Onu öyle demezler

TÜRK siyasetinde "polemik seviyesinin" giderek düştüğünün son örneğini AKP’li Dengir Mir Mehmet Fırat sayesinde gördük.

Fırat’ın CHP’li Haluk Koç için söylediği "yanlış seksüel tercih içindeymiş gibi hareketleri var" sözlerini de duyduktan sonra şunu söyleyebiliriz:

Artık seviyenin düşüklüğünden değil, ancak "çukurluğundan" söz edebiliriz.

Koç’un "Acıtıyorum galiba" yanıtı da ancak sokak çocuklarının ağız dalaşlarında duyulabilecek kaliteye işaret ediyor.

Bu tablo siyasetteki sadece birkaç oyuncunun kişisel problemi olarak görülmemeli.

Zaman zaman Başbakan’ın, muhalefet liderinin ağzından da bu kadar olmasa bile tartışma terbiyesine sahip insanlara yakışmayacak sözler duymuştuk.

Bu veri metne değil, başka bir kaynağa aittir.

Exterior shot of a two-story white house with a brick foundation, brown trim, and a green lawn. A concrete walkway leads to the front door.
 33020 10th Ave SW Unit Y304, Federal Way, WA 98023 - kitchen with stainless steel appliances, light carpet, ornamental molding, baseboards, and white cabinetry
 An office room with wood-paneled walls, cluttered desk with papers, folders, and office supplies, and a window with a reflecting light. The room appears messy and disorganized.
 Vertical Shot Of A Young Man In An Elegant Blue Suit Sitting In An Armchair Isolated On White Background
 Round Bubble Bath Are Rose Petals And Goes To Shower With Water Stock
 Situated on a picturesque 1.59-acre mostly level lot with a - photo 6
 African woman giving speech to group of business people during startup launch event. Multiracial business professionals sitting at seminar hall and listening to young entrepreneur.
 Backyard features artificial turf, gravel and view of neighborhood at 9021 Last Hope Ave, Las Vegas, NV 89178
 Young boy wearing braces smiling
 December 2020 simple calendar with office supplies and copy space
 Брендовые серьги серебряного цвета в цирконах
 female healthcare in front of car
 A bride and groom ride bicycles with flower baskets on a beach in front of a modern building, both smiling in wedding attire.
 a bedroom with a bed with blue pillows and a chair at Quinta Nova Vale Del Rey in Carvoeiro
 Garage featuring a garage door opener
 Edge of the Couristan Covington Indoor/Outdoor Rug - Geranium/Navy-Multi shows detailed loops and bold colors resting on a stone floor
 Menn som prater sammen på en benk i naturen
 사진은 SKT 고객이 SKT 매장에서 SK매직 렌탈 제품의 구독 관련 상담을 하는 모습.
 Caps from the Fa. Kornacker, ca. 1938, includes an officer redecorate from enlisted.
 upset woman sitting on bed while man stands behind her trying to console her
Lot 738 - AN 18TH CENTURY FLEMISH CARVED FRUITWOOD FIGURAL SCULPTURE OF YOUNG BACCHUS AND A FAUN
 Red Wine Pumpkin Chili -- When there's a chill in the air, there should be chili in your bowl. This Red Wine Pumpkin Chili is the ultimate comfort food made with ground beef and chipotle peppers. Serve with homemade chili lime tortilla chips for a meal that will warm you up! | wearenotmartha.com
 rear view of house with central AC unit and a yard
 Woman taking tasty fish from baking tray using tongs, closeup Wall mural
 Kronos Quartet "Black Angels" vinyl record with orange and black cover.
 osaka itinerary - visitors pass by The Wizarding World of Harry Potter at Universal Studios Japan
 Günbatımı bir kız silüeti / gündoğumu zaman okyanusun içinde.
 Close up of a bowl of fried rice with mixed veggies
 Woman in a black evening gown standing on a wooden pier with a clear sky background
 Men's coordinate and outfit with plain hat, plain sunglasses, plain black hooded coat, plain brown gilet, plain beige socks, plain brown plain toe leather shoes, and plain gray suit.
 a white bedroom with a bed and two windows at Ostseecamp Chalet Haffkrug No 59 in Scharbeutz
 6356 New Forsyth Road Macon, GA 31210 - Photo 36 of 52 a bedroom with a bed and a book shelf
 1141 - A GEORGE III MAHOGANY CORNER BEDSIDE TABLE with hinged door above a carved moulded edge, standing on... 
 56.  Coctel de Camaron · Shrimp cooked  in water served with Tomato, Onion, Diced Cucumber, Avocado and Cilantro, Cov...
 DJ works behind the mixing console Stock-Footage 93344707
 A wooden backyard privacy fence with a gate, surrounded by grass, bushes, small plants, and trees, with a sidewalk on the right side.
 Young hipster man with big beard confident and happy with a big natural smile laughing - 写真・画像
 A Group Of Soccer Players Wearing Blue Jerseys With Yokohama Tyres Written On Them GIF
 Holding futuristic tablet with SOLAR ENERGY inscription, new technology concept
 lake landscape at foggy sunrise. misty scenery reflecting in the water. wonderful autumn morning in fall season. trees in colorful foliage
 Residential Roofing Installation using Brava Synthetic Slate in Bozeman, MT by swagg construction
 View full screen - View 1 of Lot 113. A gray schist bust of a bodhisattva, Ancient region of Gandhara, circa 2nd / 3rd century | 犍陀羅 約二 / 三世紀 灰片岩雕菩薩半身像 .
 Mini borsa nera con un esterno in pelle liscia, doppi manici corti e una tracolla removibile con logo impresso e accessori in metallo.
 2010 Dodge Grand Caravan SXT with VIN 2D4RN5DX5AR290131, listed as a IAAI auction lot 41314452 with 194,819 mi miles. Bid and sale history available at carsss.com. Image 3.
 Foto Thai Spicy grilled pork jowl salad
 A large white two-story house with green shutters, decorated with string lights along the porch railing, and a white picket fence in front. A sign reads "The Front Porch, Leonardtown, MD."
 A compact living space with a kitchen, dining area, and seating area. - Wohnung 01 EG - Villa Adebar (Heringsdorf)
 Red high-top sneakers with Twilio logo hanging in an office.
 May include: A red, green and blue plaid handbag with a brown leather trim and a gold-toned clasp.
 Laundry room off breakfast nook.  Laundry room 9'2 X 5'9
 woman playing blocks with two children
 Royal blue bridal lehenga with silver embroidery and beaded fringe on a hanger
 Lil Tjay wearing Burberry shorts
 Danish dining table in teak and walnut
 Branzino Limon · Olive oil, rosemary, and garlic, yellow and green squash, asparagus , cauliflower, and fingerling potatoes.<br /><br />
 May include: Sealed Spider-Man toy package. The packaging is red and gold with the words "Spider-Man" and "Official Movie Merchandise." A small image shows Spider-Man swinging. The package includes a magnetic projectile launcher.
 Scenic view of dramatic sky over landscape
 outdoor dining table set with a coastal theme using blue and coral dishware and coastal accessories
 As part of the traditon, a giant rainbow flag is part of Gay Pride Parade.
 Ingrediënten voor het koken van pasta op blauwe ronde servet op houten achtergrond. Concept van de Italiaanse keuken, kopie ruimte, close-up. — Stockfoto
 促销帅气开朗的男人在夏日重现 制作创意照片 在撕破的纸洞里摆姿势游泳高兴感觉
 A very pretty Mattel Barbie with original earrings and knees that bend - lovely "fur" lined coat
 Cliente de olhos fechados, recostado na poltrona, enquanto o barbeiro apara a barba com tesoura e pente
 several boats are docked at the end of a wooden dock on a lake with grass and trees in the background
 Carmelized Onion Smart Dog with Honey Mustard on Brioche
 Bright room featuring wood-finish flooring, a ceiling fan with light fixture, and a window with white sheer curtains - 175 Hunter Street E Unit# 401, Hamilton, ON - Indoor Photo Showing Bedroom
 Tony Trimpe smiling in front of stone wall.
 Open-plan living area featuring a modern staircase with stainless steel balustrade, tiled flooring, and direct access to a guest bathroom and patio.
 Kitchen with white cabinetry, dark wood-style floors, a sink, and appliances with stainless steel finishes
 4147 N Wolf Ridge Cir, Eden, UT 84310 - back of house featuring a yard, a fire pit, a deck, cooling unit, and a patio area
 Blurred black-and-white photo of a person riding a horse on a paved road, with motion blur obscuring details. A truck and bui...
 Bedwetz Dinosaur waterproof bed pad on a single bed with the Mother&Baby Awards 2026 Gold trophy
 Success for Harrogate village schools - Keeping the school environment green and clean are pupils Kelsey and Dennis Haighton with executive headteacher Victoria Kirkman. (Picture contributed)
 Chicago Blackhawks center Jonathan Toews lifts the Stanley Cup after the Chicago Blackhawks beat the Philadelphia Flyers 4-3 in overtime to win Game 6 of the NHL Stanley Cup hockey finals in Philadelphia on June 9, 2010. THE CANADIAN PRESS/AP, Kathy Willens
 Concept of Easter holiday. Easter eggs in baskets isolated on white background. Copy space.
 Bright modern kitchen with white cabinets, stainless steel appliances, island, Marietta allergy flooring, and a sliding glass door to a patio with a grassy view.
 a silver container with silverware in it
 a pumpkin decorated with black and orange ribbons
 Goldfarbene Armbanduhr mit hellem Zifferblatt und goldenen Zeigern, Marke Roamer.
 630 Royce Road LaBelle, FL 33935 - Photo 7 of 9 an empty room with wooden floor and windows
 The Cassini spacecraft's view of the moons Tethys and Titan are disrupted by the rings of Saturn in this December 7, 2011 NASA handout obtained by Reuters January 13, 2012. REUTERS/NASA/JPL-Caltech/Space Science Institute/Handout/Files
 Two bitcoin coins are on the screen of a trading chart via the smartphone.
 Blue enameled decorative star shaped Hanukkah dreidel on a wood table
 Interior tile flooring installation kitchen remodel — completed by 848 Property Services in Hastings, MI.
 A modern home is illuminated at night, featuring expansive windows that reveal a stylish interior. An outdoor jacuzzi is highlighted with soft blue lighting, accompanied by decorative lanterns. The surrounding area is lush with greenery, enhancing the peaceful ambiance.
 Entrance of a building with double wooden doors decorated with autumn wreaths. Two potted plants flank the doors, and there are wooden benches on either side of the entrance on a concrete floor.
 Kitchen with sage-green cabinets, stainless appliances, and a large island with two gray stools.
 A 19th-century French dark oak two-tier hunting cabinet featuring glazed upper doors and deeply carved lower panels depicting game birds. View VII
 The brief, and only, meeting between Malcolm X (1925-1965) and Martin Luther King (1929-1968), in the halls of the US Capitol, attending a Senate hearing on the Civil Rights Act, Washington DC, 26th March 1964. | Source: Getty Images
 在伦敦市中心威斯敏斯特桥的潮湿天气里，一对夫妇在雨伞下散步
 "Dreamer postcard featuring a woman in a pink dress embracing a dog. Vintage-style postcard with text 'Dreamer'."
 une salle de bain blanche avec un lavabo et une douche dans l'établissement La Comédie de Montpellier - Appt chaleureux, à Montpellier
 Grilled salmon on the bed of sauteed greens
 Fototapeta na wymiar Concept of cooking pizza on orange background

O sözlere belki sadece "argo" deyip geçmek mümkündü ama bu artık hepsinin de ötesine geçmiş bulunduğumuzu gösteriyor.

Artık televizyonların haber bültenlerinden önce ekranlara "Kullanılan ağır dil nedeniyle çocukların izlemesi sakıncalı olabilir" uyarısının da konması gerekiyor.

Kim bilir, belki de bir ara Show TV’nin yaptığı gibi "kırmızı nokta" uygulaması da düşünülebilir.

Ve argo konusunda uzman olan yazarlarımız, siyasetçiler için polemiklerde kullanabilecekleri bir el kitabı yazmalılar.

Kitabın adını da şöyle koymak sanırım uygun olur: "Onu öyle demezler, peynir ekmek yemezler!"

Siyaset ’çözüm bulmak’ için yapılır

TÜRKİYE’nin dört bir yanında ormanlar kül olup havaya savrulurken Orman Bakanlığı yangınlarda yüzde 62 oranında bir artış olduğunu açıkladı.

Dünkü yazımda "Ormanları yönetme sistemimizi yeniden düşünmemiz gerektiğinden" söz etmiştim.

Bakanlığın açıklaması da gösteriyor ki bugünkü sistem her şeyiyle iflas etmiş durumda.

Türkiye kadar orman alanına sahip olan Finlandiya, ormanlardan Türkiye’nin 43 misli para kazanabiliyor.

Üstelik orada iklim nedeniyle bir ağaç 70 yılda kesilebilecek hale gelirken, bizde bu süre örneğin okaliptus için sadece 7 sene. Bir çam ormanının ülkemizin iklim koşullarında 40-45 sene içinde yetişkin hale gelebildiğini bir yerde okumuştum.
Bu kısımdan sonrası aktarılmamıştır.